Lest you think that Vaishnavism has cornered the market on despairingly imminent and moment to moment potential for the creation and destruction of the universe, consider the Christian take on the cosmological state of affairs propounded by one Italian jurist, mathematician, and occultist Facius Cardan (1444-1524 A.D., also known as Fazio Cardano), a devoted friend of no less than Leonardo da Vinci, and said to be in constant contact with a familiar spirit that whispered secrets to him.  Some say he just spent a lot of time talking to himself.  And one of the things this familiar mentioned to Cardano was the fact that creation was not a unique event, rather if God’s attention should wander for even a moment, all of existence would end.  It’s awfully easy to dismiss Fazio Cardano as a brilliant man, but abject loon, given his biography. I don’t like to use head trauma as a go-to explanation for anomalous experience, but our man Cardano seems to have had a litany of problems.

Fazio, albeit he came of such a long-lived stock, and lived himself to be fourscore, suffered much physical trouble during his life. On account of a wound which he had received when he was a youth, some of the bones of his skull had to be removed, and from this time forth he never dared to remain long with his head uncovered. When he was fifty-nine he swallowed a certain corrosive poison, which did not kill him, but left him toothless. He was likewise round-shouldered, a stammerer, and subject to constant palpitation of the heart; but in compensation for these defects he had eyes which could see in the dark and which needed not spectacles even in advanced age (Waters, 1898, p2-3).

Before you dismiss the notion that the universe is in need of continuous creation or is subject to absolute dissolution as the ravings of a sole intellectual, consider the fact that Cardano, although he might not have been aware of it, was echoing a precept of creation, fundamental but buried within the traditions of Eastern Orthodox Christianity and Process theologies, that is the idea of creatio continua, or “continuous creation”, that is existence is an ongoing relationship between man and God.  Should we bore God too much, he could up and walk away in annoyance, ending the universe.  Don’t bore God.  Jazz up your prayers and confessions.  We don’t want to take any chances.

Then there are those darn physicists.  They never want to be left out of a good apocalypse.  For a long time, some physicists have been arguing that the universe will ultimately collapse , but in 2013 a particularly sullen set of Danish physicists refined the calculations regarding this imminent calamity and suggested that a sudden and drastic change in the forces of the universe would unexpectedly occur one day (could be tomorrow, could be in a billion years) that would make every atom in the universe become billions of times heavier than they currently are, something to do with a bubble forming where the Higgs-Boson takes on a very different value from the rest of the universe and then propagates throughout the universe at the speed of light from this supermassive center.  Jens Frederik Colding Krog of the University of Southern Denmark remarked, “Maybe the collapse has already started somewhere in the universe and right now it is eating its way into the rest of the universe…Or maybe it will start far away from here in a billion years. We do not know.”  Either way it sucks for us humans.

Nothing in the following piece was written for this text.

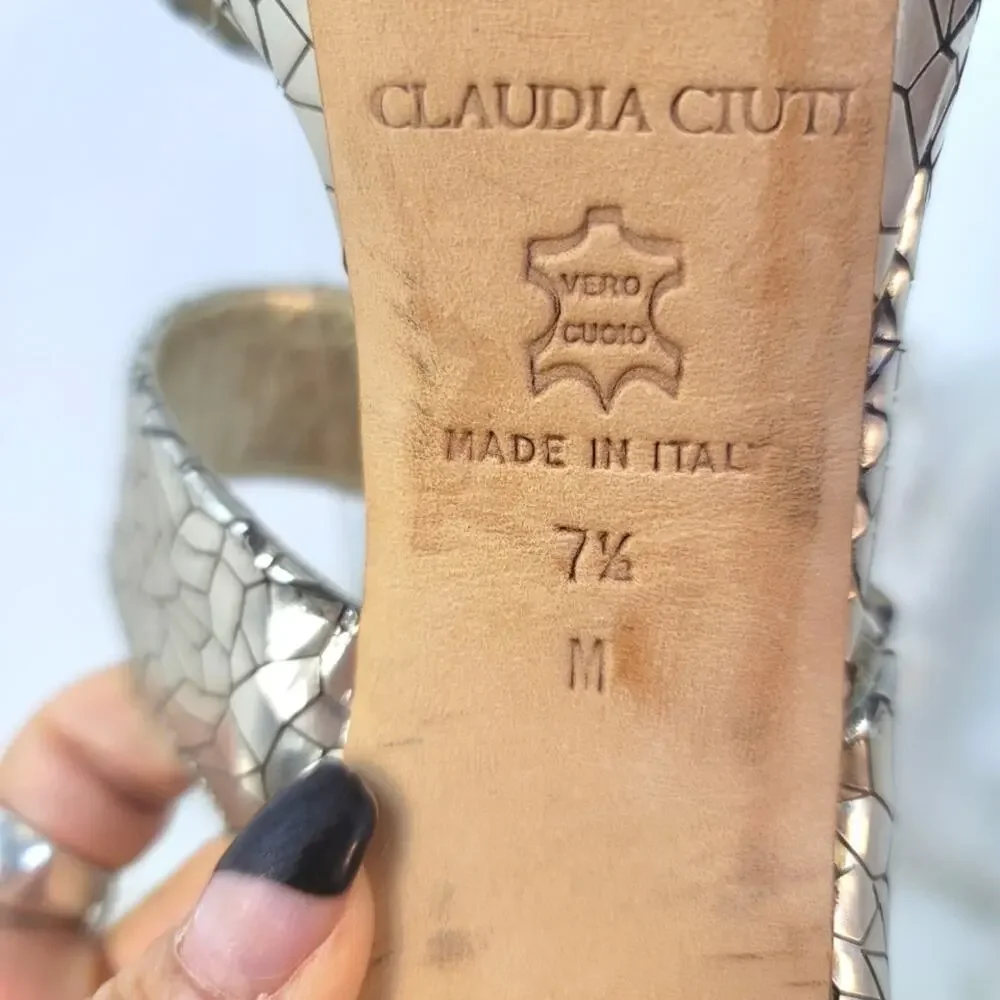 CLAUDIA CIUTI Silver Italian Mirror Mosaic Platform Heels Rhinestone Buckle Glam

An apocalypse in the distant future gives us the time to mentally prepare.  You can start treating people nicely, help more injured animals, give more to charity, and generally shape up before everything goes to hell in a hand basket, thereby reaping the benefits of a life of eternal bliss, prepping oneself for oneness with the universal soul, or investing in real estate in another dimension.  When the end of the universe is continuously in danger of happening right this second it gives one pause.  But don’t pause too long, since existence could end while you spend your time with philosophical musings.  Gather ye rosebuds while ye may, as they say, for as Noam Chomsky noted, “The probability of apocalypse soon cannot be realistically estimated, but it is surely too high for any sane person to contemplate with equanimity”.

References
Waters, W. G. 1844-1928. Jerome Cardan; a Biographical Study. London: Lawrence & Bullen, 1898.